Already by the day after this week's election we saw the return of street protests, of big plans for mass mobilizations, and of preparations to urge a presidential impeachment as soon as Trump commits the first obviously impeachable offense not routinely committed by Barack Obama.
But we are not going to see the return of the office of the presidency as it was inherited by George W. Bush or even as it was passed along to Barack Obama. When Bush became president, spying on everything everybody did was deemed unacceptable. Imprisoning people without charge or trial was an outrage. Torture was illicit. Going through a list of men, women, and children on Tuesdays to pick whom to murder with a drone would have filled the streets with protest. When Congress passed laws, presidents were supposed to veto them, sign and obey them, or quietly ignore them in secret until caught, not sign them and publicly announce which parts they would violate.
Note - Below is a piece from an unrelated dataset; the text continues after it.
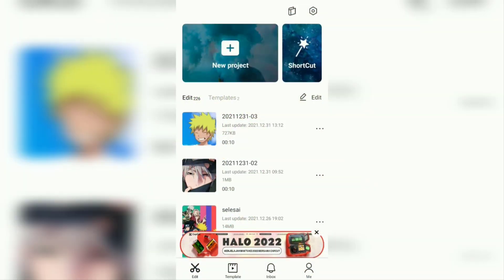Hi everyone, welcome back to the Make It Simple YouTube channel. In this video, I will show you the Gel by Baby edit tutorial using the CapCut application.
When Obama became president, illegal surveillance was a crime of his predecessor awaiting prosecution. Guantanamo and similar death camps were a problem to be remedied. Torture was a felony the prosecution of which was mandatory under the supreme law of the land. And drones were just one weapon of many to be used in existing wars.
Donald Trump -- elected by Republicans after admitting the 2003 attack on Iraq was a disaster that helped create ISIS, and after pretending that he had opposed launching that war at the time -- now moves into the White House with the power to spy on everything, the power to imprison anyone, the power to torture without consequences, the power to kill anyone in any place, and the power to start new wars anywhere in the world at his whim using the most costly military in the history of the earth, mobilized from more bases in more countries than any military ever before inherited by any ruler. For Trump, obeying laws or even announcing plans not to obey laws will be totally optional, and scrapping laws invented by previous presidents outside the legislative process is now routine. So is concocting new laws. And potential whistleblowers have been conditioned during the Obama years to know that they will be mercilessly persecuted.